In engine 3.9 this feature has been hidden and it is not used anymore by default. However, you will not get the same results than in engine 3.7 because the underlying logic has changed: before we were just picking one nodal plane/hypocenter from the distribution, now the approximation neglects completely the finite size effects by replacing planar ruptures with point ruptures of zero lenght. This is the reason why in engine 3.9 one should use larger pointsource_distances than before, since the approximation is cruder. On the other hand, it collapses more than before and it makes the engine much faster for single site analysis.

Starting from engine 3.9 you can set

pointsource_distance = ?

and the engine will automagically define a magnitude-dependent magnitude pointsource_distance, but it is recommended that you use your own distance, because in the next version the algorithm used with pointsource_distance = ? may change again.

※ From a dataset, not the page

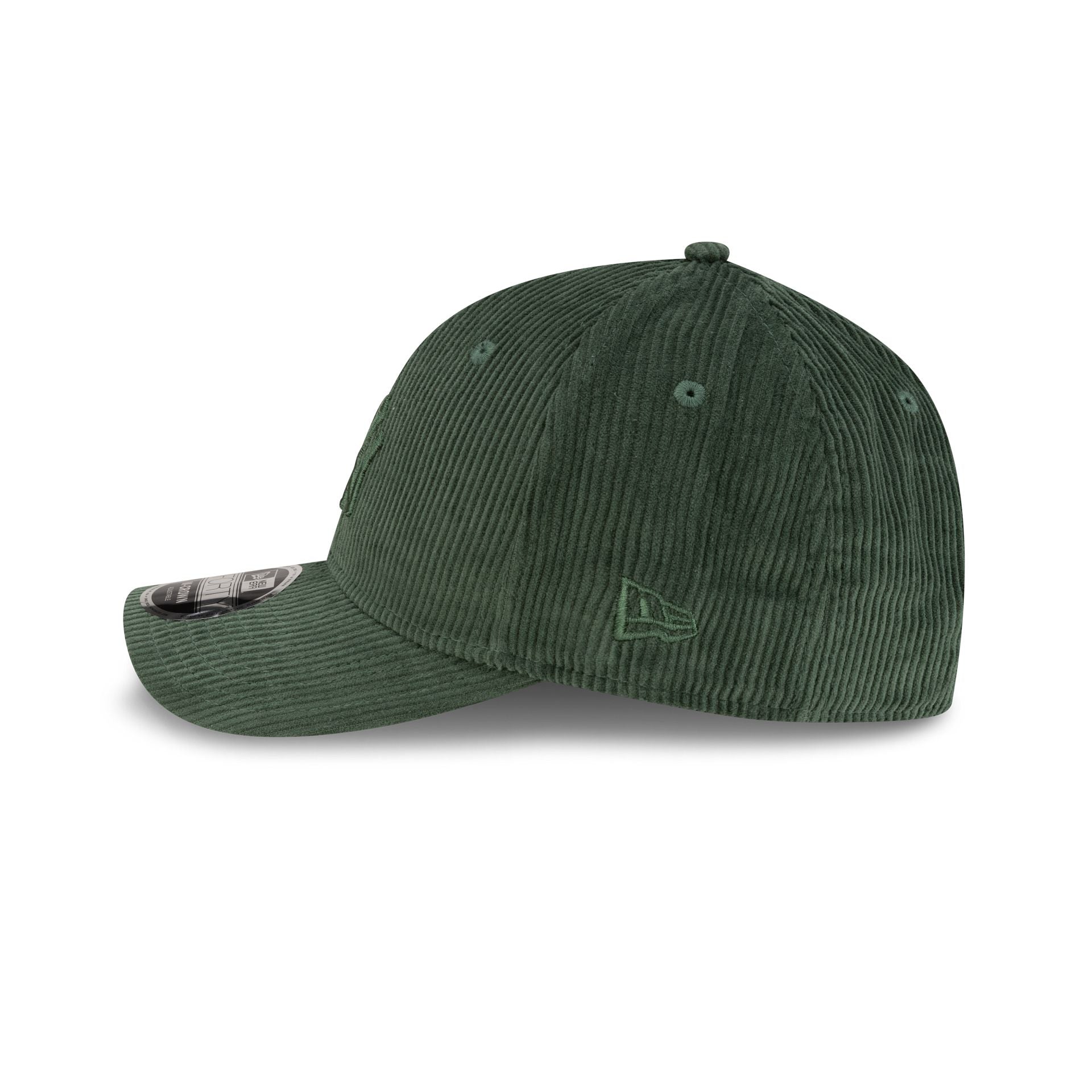 New York Yankees Cilantro Green Corduroy 9FORTY M-Crown Adjustable Hat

concurrent_tasks parameter

There is a last parameter which is worthy of mention, because of its effect on the memory occupation in the risk calculators and in the event based hazard calculator.

concurrent_tasks:
This is a parameter that you should not set, since in most cases the engine will figure out the correct value to use. However, in some cases, you may be forced to set it. Typically this happens in event based calculations, when computing the ground motion fields. If you run out of memory, increasing this parameter will help, since the engine will produce smaller tasks. Another case when it may help is when computing hazard statistics with lots of sites and realizations, since by increasing this parameter the tasks will contain less sites.

Notice that if the number of concurrent_tasks is too big the performance will get worse and the data transfer will increase: at a certain point the calculation will run out of memory. I have seen this to happen when generating tens of thousands of tasks. Again, it is best not to touch this parameter unless you know what you are doing.